Over the years you’ve created some fantastic albums where you managed to mix cover versions with your own songs. How do you go about selecting tracks for each LP?

“Well, there have been quite a number of records and they’ve all come at different periods of my development and reflect my songwriting. It was very important in the 70s when there seemed to be a premium placed on people who sang their own songs. We had the brilliant examples of your Beatles and our Bob Dylan, who inspired many of us. So it’s hard to say. On any given project there’s a different point of view, there’s a different reason for it. It changes, so there’s no set way.

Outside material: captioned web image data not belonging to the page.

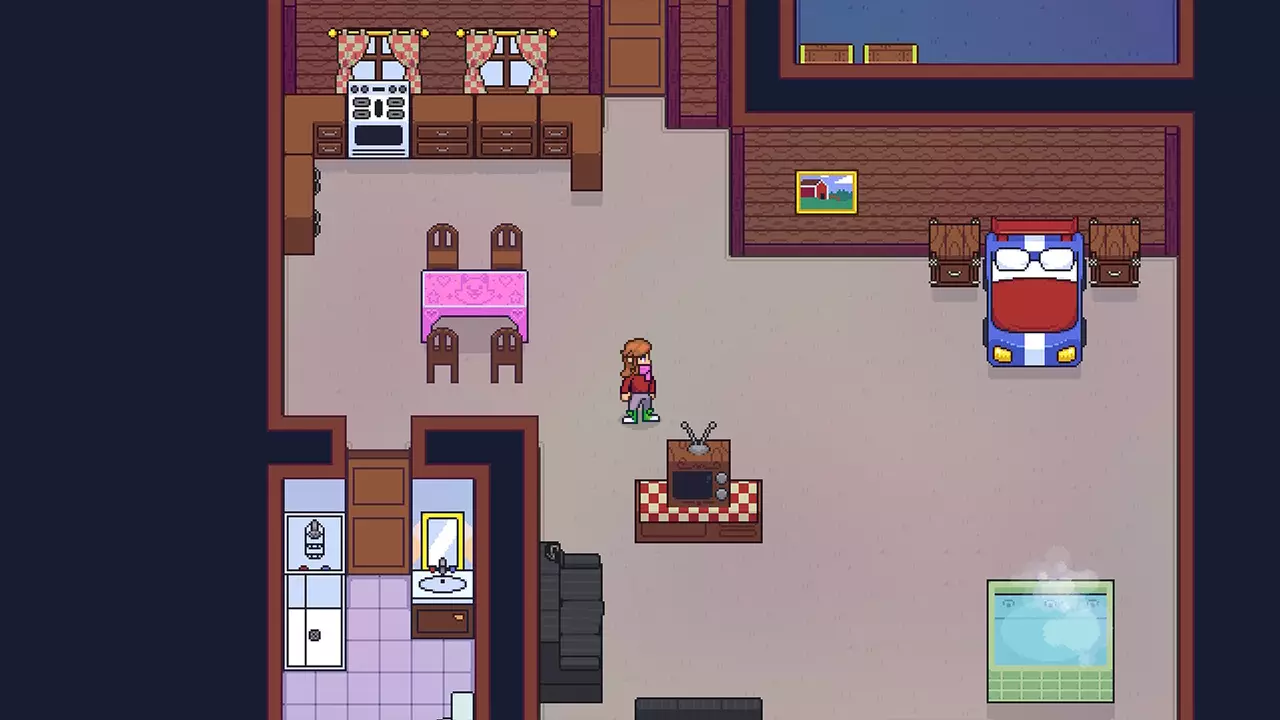 -The Last Craftsman-游戏截图-好玩游戏库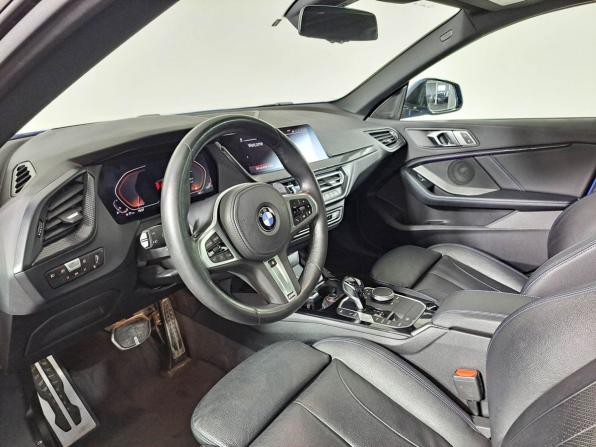 BMW 2 серии F44 с пробегом 2020 года, цена 3 020 000 рублей, 24100 км, седан, Автокод Объявления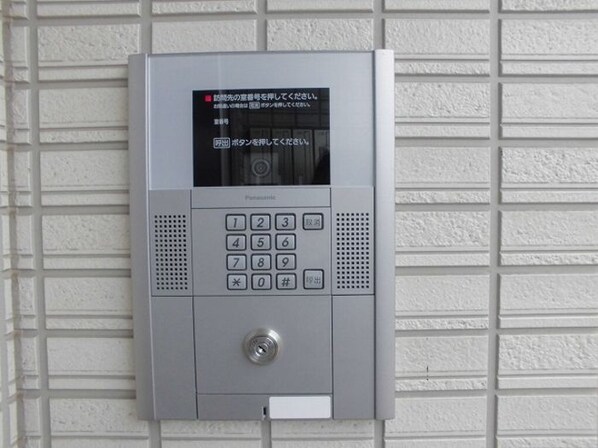 レクレドールの物件内観写真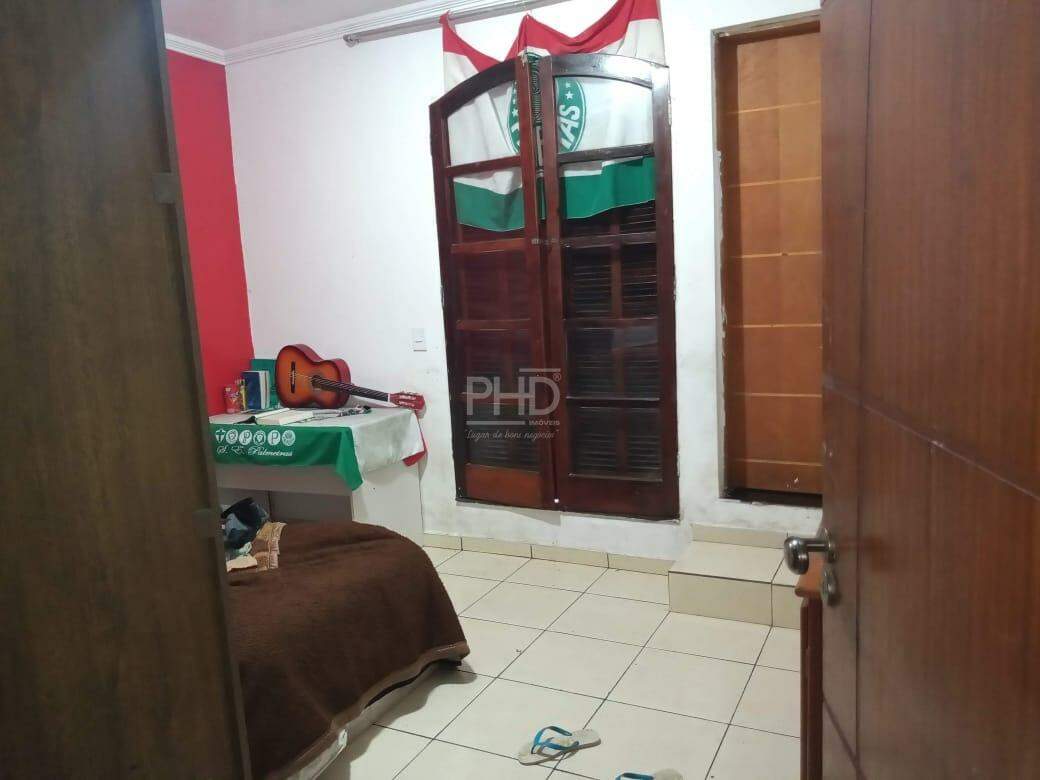 Sobrado à venda com 3 quartos, 187m² - Foto 13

“But for instance, I’ve just finished an album that completes a trilogy of albums where I spent time with a producer, a drummer named Steve Jordan. We literally went through hundreds of songs, if not thousands, just batting back and forth things that had a particular interest. I’ve also done a couple of tours and some work with Michael MacDonald and Donald Fagen. I formed a performing outfit in which we explored a lot of songs among the three of us.

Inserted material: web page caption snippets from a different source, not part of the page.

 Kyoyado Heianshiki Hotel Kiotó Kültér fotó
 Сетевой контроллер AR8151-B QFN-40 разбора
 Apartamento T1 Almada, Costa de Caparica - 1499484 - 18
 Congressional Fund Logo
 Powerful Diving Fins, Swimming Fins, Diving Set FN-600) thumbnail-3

“So you just sit through the multitude of songs and you find something that seems to fit the time and place where you are in your life. We all have an abiding love and respect for great rhythm & blues music, from Marvin Gaye and Sly & The Family Stone to… all of it! So it’s really fun, sifting through all that material with other like-minded professionals and finding those grooves or a particular lyric, or that spark which ignited that particular song.”

“Another very important aspect of it is the process of making it your own – you must possess that song and give it your own style. It must fit your voice and the way you can deliver, so every song must be vetted in terms of how your voice projects into that material.

“On the other hand, I’m not a songwriter that has everything written before I go in – a lot of it is improvised in the studio. Most of it originates with music first, with me. So I’ll create a platform, a rhythm track, and live with that long enough to let the spirit of the music tell me what it’s about. And then I begin in the blanks, according to the mood, the emotion that the music inspires in me.”


So is it like a stream of consciousness where you let the song grow organically?

“That’s a good way to describe how it happens sometimes. I love the music, it’s the rhythm and it’s the chord progression that comes to me first –
of course I have an idea of structure – but then it becomes a matter of answering the call by just feeling it and letting it evolve.”

How long do you give for that part of the process? Are you going around in a loop with the backing track for 10 minutes or are we talking hours? Do you let things percolate for days on end?

“Sure, it can take days or it can happen very quickly. Once you find a few key phrases, you expand upon that, of course. Sometimes it’s a title, sometimes it’s just an incidental line, but it’ll establish something and you just try that on. I’ll go through, easily, five, ten or twenty pages of legal pad for an idea and you distil it more and more. I usually do it in one action. Sometimes I’ll come back to a song, but usually I’ll get 90 percent of it in a session – it could be an hour or it could be a week.”

Do you prefer writing alone for that early stage?

“I don’t enjoy the collaborative process. There are very few people that I’ve found successful as writing partners. It’s just that I’m so vague about my own ideas – it’s such a wide, sweeping range that I don’t know how to collaborate in close quarters in that way. I’ve tried it; it freaks me out!”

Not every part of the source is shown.